At the time of the incident, DJT had just returned from a triumphant trip abroad, his first as president, and he was, of course, focused on the success of that trip and other things that had happened in his absence. Between the time of the murder on May 26 and Memorial Day on May 29, DJT sent out more than a dozen tweets praising himself for the self-perceived success of his foreign travels, praising the newly elected member of Congress who successfully body slammed a reporter to the floor to teach the reporter not to ask questions, and tweetily slamming the media for publishing reports critical of DJT. But that in itself is not why DJT did not comment on actions of the United States citizen. He failed to comment because there are, on average, 23 gun homicides a day in the United States, most of them by United States citizens, and any number of non-gun murders. If DJT tweeted about every murder that takes place in the United States on a daily basis, he would have little time to tweet about anything else.

Nonetheless, “Fake news” sites such as the New York Times commented that DJT seemed not to have noticed the events that took place in Portland. A former prominent newscaster, Dan Rather, went so far as to send a letter to DJT, drawing DJT’s attention to what had happened in Portland. He concluded his letter saying, “Two Americans have died leaving family and friends behind. . . . I hope you can find it worthy of your time to take notice.” DJT did so the following day in a sympathy tweet.

The reason DJT did not respond without prompting, is that the murderer was a United States citizen. Had the murderer been an immigrant, DJT’s response would have been quite different. As he said in an interview on Fox news some weeks ago: “We’ve gotten tremendous criminals out of this country. I’m talking about illegal immigrants that were here that caused tremendous crime. That have murdered people, raped people – horrible things have happened. They’re getting the hell out or they’re going to prison.” And DJT has done more than just complain about those “tremendous criminals” who are immigrants. He has demonstrated his concern about crimes committed by immigrant criminals by creating a new office in the Department of Homeland Security that will help only those who are the victims of crimes committed by immigrants.
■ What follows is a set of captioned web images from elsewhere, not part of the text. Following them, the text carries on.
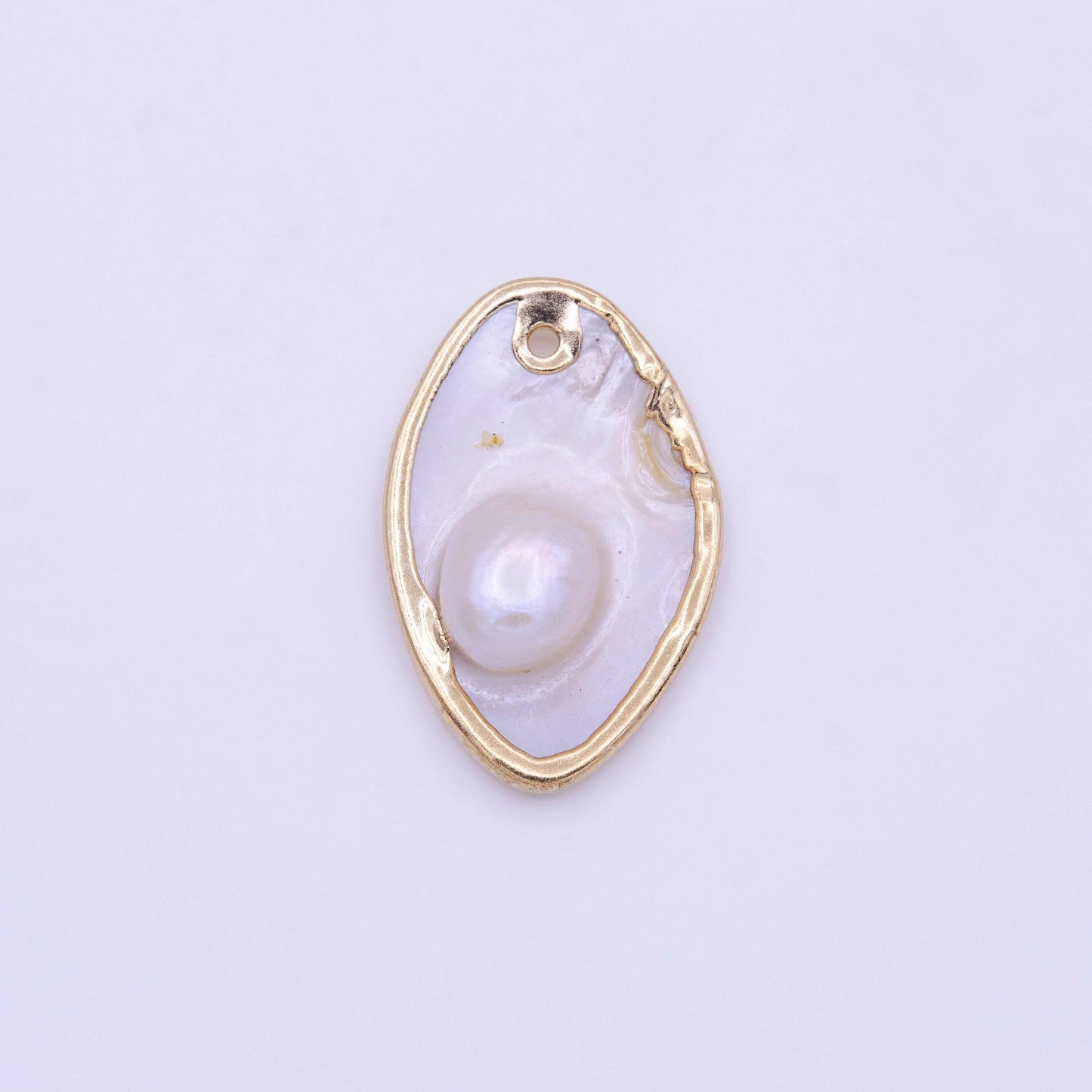 1pc wholesale natural mother of pearl charm abstract oval shape aprox 27 x 17 mm, gold plated charm p1843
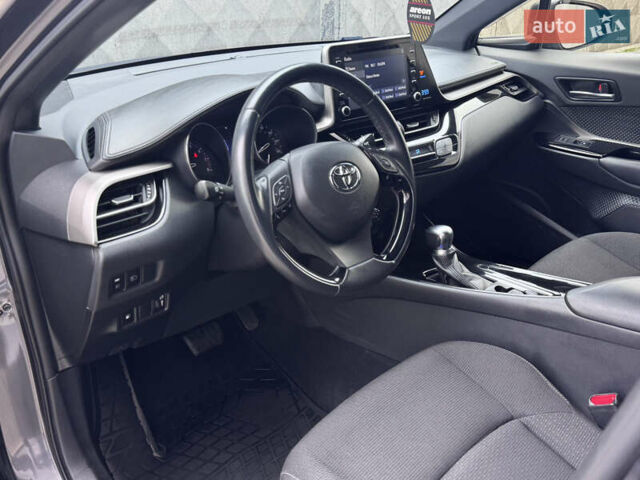 Серый Тойота C-HR, объемом двигателя 1.99 л и пробегом 136 тыс. км за 19300 $, фото 51 на Automoto.ua
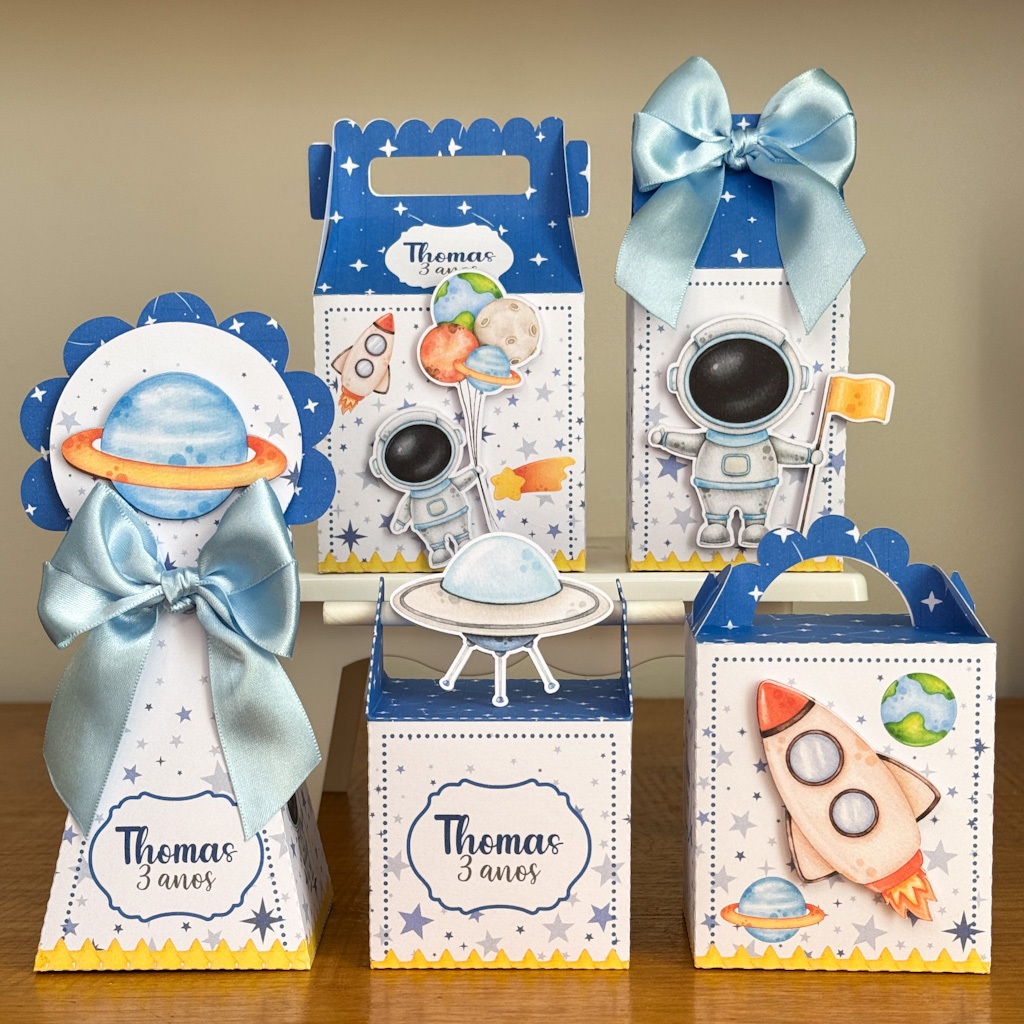 Kit Festa  Personalizado Astronauta Menino/menina - PEGUE E MONTE  Personalizados | Lembrancinhas | Caixas | Aniversário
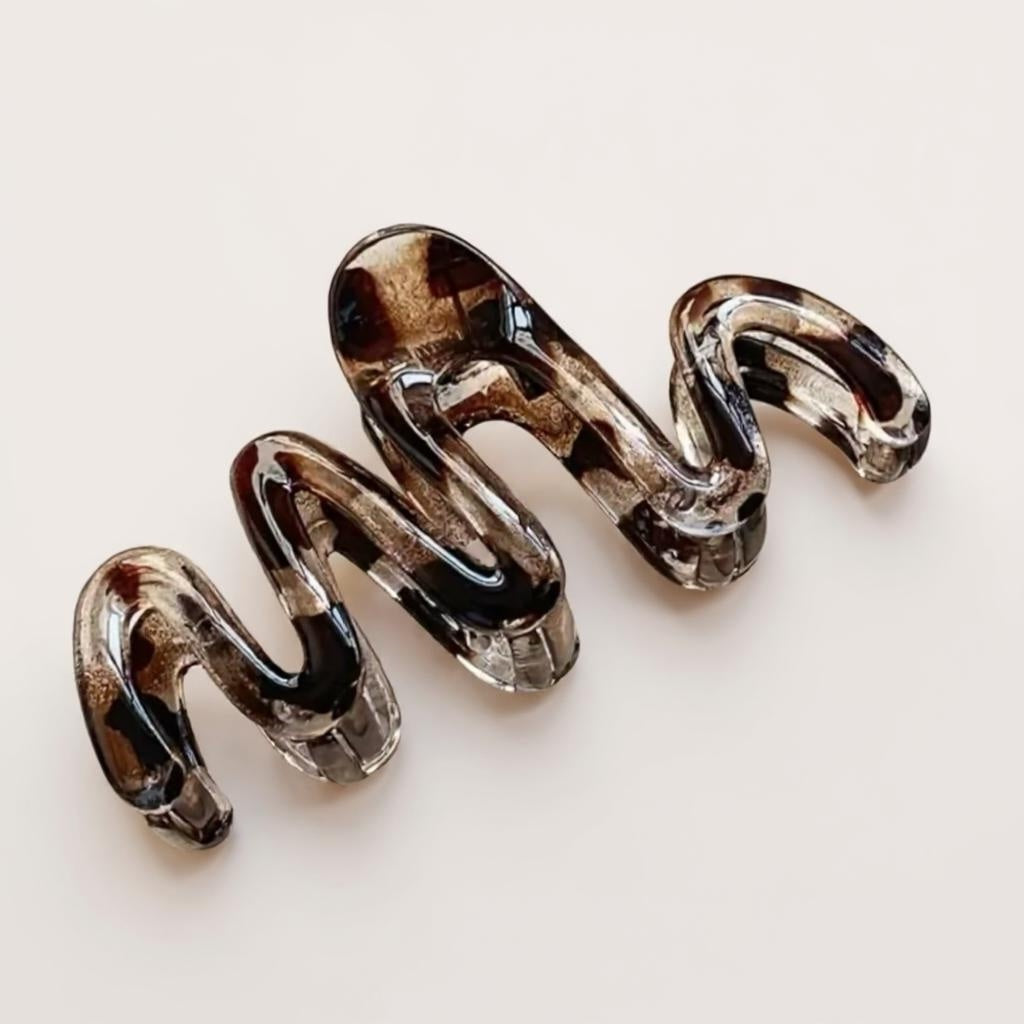 Wavy Acrylic Hair Clip | Tortoiseshell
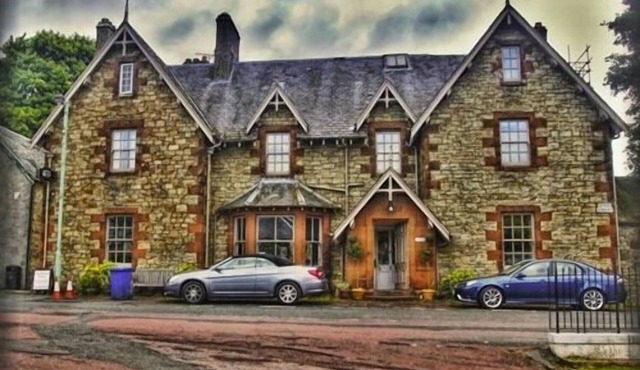 The Hopetoun Arms Hotel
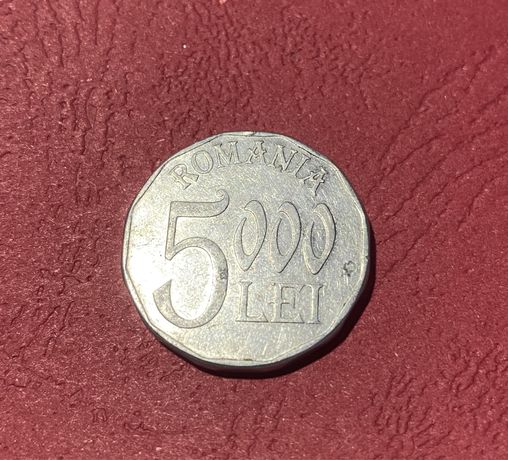 Vând monedă de 5000 LEI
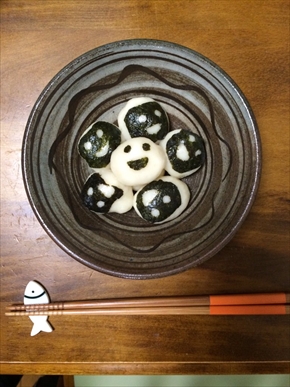 チラシ 刺しゅう 刺繍 母 お母さん 狂気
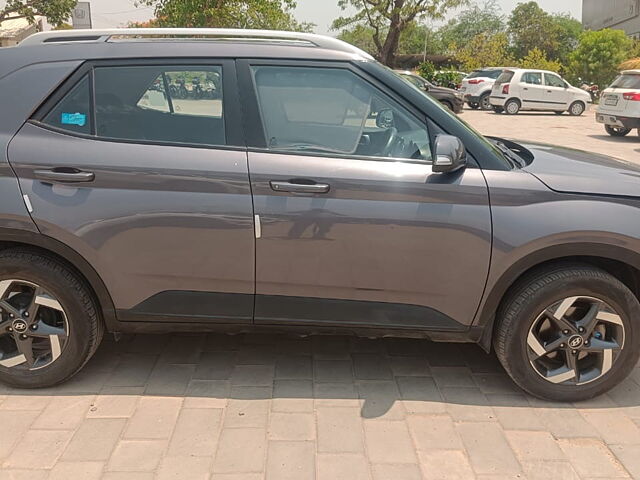 Used 2020 Hyundai Venue in Bharuch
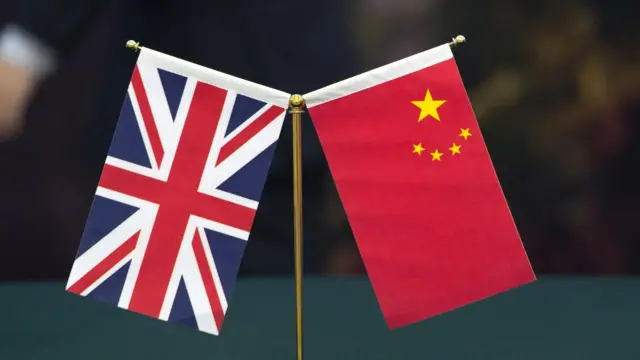 यूके र चीनका झण्डा 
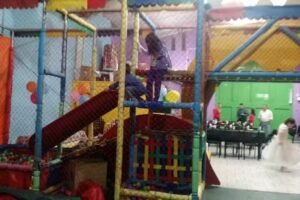Sal&oacute;n de fiestas infantiles Mickey Park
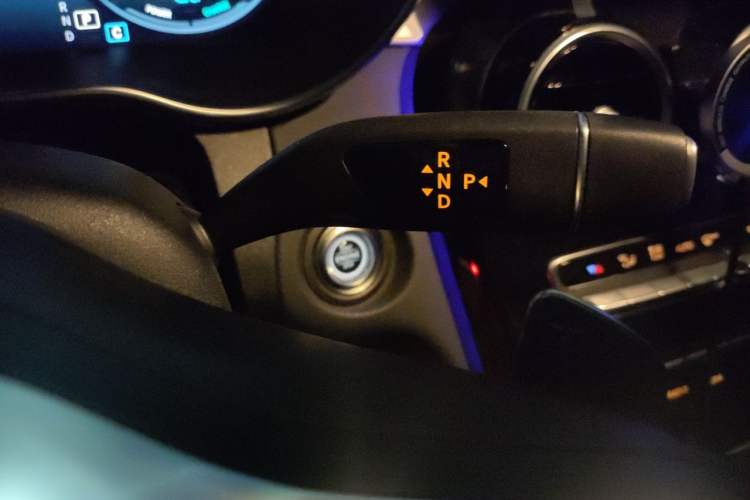 Used Mercedes-Benz C-Class 2021 C 260 Star Edition Gear Lever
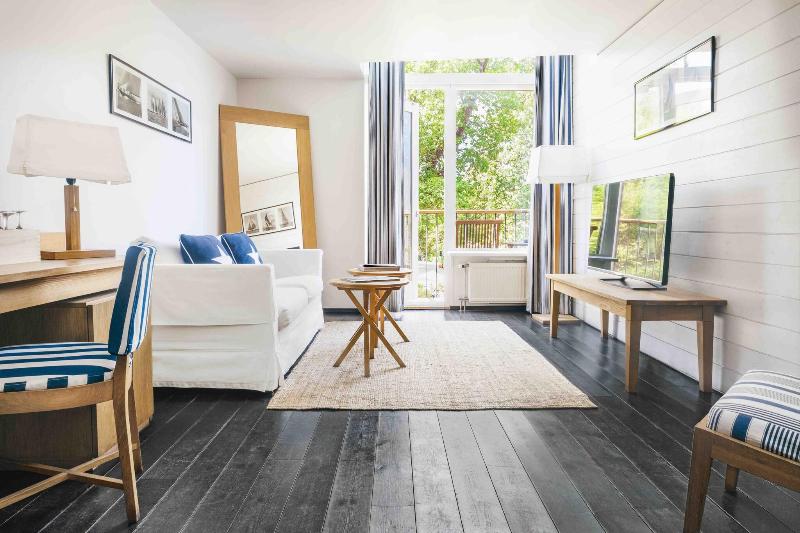 غرفة كلوب, The Gunter Hotel San Antonio Riverwalk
The new office is called “Victims of Immigration Crime Engagement” or “Voice” for short. It gives voice to victims of crimes if they are lucky enough to have become victims because of the actions of immigrants. It does not help victims who achieved their status through the actions of United States citizens, such as the ones in Portland. The website for Voice says its mission is to “support victims of crimes committed by criminal aliens, through access to information and resources.” Describing voice, John F. Kelly, Secretary of Homeland Security, said: “All crime is terrible, but these victims are unique-and too often ignored. These are casualties of crimes that should never have taken place because the people who victimized them oftentimes should not have been in the country in the first place.”

Voice will be staffed by 27 specialists in victim assistance and 21 community relations officers who “will assist victims of crimes committed by criminal aliens.” The office will provide a hot line for victims to call to get information about the status of their criminal’s case and the criminal’s progress through the immigration system.

It would not be surprising to learn that readers who know of the existence of Voice will secretly entertain the hope that, if they are the victims of a criminal act, it will not be committed by a United States citizen, but by a removable criminal alien. Their hope would be inspired because of the benefits available through Voice. They should realize that it is unlikely that their hopes will be realized. Notwithstanding DJT’s comments to Fox news, immigrants are, in fact, less likely to engage in criminal conduct than United States citizens. Among men between 18 and 49, immigrants were only one-half to one-fifth as likely to find themselves incarcerated as native born Americans. Immigrants make up 7% of the population in the United States, but only 5% of prison population. That is not meant to suggest that Voice is useless. Its creation enables DJT to believe he is doing something worthwhile. Would that he were.